- Genre: anthology
- Written by: Michael Jenkins; Brian Bell;
- Country of origin: Australia
- Original language: English
- No. of seasons: 1
- No. of episodes: 4

Production
- Producer: Brian Bell
- Running time: 30 mins
- Production company: ABC

Original release
- Network: ABC
- Release: 1972 – 1972

= Quartet (Australian TV series) =

Quartet is a 1972 four-part television series, produced for the Australian Broadcasting Corporation.
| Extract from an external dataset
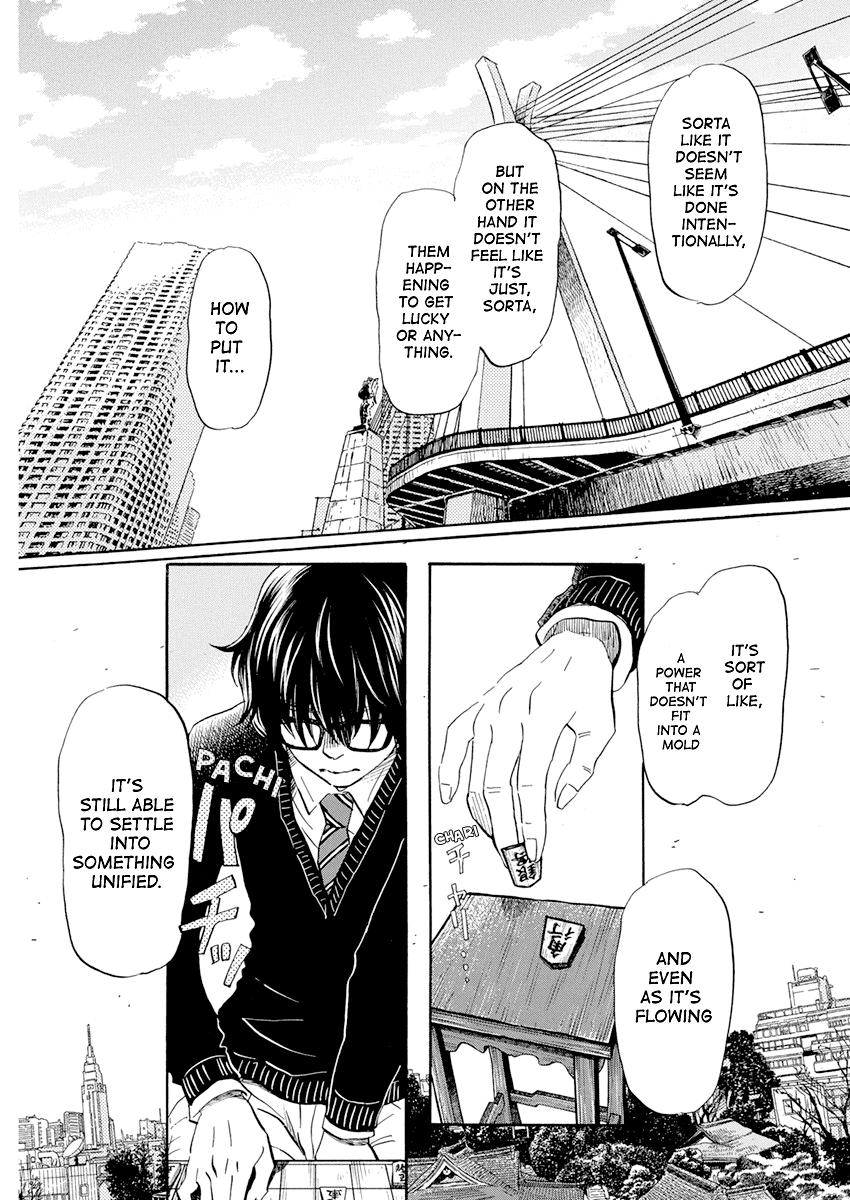 3-gatsu no Lion Chap 189 - Next Chap 190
The series consisted of four stand alone episodes. It followed another anthology series, A Time for Love.

==Cast==
- Jane Harders
- Shane Porteous
- Helen Morse
- Serge Lazareff as Marlon
- Don Barkham
- Kate Fitzpatrick
- Brian James as Geoffrey
- Jessica Noad as Louise
- Sheila Helpman
- Neva Carr Glyn
- Graham Rouse
- Maggie Ohlbeck

==Episodes==

| No. | Episode | Writer/s | Producer | Starring | Air date | Ref. |
| 1 | "Jane Courtney, That's Who" | Michael Jenkins, Brian Bell | Brian Bell | Jane Harders, Shane Porteous | 31 May 1972 |  |
| 2 | "The Last Great Journey" | Michael Jenkins, Brian Bell |  | Helen Morse, Serge Lazareff | 7 June 1972 |  |
| 3 | "Naked Figure on a Park Bench" | Michael Jenkins, Brian Bell |  | Don Barkham, Kate Fitzpatrick | 14 June 1972 |  |
Ninian Wade, owner of an ad agency, uses their skill to manipulate.
| 4 | "Geoffrey and Louise" | Michael Jenkins, Brian Bell |  | Brian James, Jessica Noad | 21 June 1972 |  |

Episodes aired a week later in Melbourne.

==Reception==
The Age’s Teletopics column praised Jane Harders' acting in the first episode but called the story "flimsy". John Pinkney of The Age, commenting on the first two episodes, praised the scripting, production and the technical work but criticised some of the acting, stating "too many actors continue to bray their roles... to offer up Mo McCackie caricatures instead of performances." Also in The Age, Pat Dreverman gave a mixed review to "The Last Great Journey", writing "The main faults I fear were in the script – some dreadfully corny lines more suited to the music hall." In The Bulletin, Don Anderson gave it a mixed review, stating "While there are some blatant gaucheries in the programs that might well embarrass the ABC, there are quiet strengths, particularly acting strengths that make two of them worth viewing."